The ADCP does not measure horizontal or vertical velocities at a point but determines Doppler shifts along three to five acoustic beams that are typically slanted (most commonly 60°) from the horizontal plane and spaced around the horizontal compass. The most typical configuration (Janus) includes four orthogonal beans. The Doppler shifts measure slant velocities of suspended acoustic backscattering particles moving with the water relative to the instrument. Pairs of slant velocities are combined to produce vertical and horizontal velocities. The underlying assumption is that velocities are horizontally uniform over the beam separation. Other instruments (e.g., Teledyne Sentinel V ADCP) have an integrated fifth beam to provide a third vertical velocity measurement.

Indirect estimates of vertical velocities can be obtain in several ways. The most common approach is to take advantage of the principle of conservation of mass (continuity equation, as described in the answer by Neo). $$ \dfrac{\partial w}{\partial z} = -\dfrac{\partial u}{\partial x}-\dfrac{\partial v}{\partial y} $$ where $w$ is the vertical velocity. Assuming $w=0$ at the bottom, then measuring the horizontal velocities throughout the water column will give you an estimate of the vertical velocity.

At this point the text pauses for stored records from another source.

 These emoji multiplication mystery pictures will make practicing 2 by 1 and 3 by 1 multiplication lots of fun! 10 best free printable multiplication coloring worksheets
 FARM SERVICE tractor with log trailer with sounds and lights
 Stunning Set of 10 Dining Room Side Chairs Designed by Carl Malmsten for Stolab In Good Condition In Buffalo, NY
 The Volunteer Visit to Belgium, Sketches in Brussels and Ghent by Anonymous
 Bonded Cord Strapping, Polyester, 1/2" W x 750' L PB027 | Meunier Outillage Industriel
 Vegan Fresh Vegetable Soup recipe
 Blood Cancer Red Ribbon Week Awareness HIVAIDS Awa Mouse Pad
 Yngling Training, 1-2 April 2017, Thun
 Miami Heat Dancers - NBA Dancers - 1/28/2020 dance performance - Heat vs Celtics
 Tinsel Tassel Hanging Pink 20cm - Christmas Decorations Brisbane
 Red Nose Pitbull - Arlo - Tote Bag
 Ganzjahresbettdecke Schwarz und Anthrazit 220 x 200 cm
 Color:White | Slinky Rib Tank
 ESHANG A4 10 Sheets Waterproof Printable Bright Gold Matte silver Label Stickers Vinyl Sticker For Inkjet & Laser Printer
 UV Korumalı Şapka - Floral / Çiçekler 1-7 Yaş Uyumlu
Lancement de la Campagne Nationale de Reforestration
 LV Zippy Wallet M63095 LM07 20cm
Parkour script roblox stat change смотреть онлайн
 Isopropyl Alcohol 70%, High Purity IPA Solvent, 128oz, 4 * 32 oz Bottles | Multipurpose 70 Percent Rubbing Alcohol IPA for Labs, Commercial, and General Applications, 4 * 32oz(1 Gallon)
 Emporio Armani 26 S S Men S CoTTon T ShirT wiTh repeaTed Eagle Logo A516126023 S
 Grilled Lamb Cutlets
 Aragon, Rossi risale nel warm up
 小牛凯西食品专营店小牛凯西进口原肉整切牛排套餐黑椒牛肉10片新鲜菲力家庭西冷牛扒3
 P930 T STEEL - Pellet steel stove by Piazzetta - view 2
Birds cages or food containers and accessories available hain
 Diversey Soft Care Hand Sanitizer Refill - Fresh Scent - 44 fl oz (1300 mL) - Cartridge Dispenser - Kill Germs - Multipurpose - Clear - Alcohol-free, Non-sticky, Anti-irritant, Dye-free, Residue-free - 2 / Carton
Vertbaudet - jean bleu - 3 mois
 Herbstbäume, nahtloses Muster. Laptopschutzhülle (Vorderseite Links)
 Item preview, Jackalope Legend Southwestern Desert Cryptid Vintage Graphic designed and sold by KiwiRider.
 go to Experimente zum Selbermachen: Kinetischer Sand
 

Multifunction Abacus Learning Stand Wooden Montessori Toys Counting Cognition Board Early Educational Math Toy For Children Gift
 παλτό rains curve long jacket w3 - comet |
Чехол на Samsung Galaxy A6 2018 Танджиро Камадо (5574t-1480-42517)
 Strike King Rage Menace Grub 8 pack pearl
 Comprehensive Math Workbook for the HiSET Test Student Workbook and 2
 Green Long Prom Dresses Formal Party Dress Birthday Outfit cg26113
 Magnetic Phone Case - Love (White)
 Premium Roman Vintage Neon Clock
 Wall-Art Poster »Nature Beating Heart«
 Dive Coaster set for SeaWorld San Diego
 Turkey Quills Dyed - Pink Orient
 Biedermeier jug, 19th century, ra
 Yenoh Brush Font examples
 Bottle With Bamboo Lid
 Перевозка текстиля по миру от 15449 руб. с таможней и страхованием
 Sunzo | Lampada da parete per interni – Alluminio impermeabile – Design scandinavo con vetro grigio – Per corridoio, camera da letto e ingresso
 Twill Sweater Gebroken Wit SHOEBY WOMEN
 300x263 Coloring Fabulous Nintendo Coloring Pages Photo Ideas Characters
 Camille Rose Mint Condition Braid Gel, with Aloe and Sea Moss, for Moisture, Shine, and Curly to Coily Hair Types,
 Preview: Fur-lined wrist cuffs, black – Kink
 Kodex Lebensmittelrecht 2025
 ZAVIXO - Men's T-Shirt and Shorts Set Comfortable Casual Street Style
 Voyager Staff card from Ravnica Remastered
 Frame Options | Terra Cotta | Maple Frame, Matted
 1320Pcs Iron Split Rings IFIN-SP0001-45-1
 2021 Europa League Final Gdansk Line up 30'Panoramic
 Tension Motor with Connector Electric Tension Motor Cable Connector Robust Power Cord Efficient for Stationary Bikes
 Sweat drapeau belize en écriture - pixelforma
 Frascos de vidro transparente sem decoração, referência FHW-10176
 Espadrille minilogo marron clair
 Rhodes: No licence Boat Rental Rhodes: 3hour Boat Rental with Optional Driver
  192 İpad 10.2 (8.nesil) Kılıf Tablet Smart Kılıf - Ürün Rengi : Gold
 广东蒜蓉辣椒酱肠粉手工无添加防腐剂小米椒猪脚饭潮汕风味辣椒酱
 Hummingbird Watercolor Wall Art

This method, while useful, tend to produce really noisy results as the vertical velocities in the ocean tend to be quite small and are masked by the noise in the horizontal measurements.

A completely different approach was recently introduced by Klein et al. (2009). It uses the surface Quasi-Geostrophic approximation to estimate low-frequency vertical velocities in scales between 20 km and 400 km from the surface down to 500 m. The needed data is some high-resolution Sea Surface Height (SSH, usually from satellites) and an approximation of the large-scale vertical stratification. Vertical velocities are estimated from the buoyancy equations at the surface and at depth in a modified version of the Omega equation (Hoskins et al., 1985).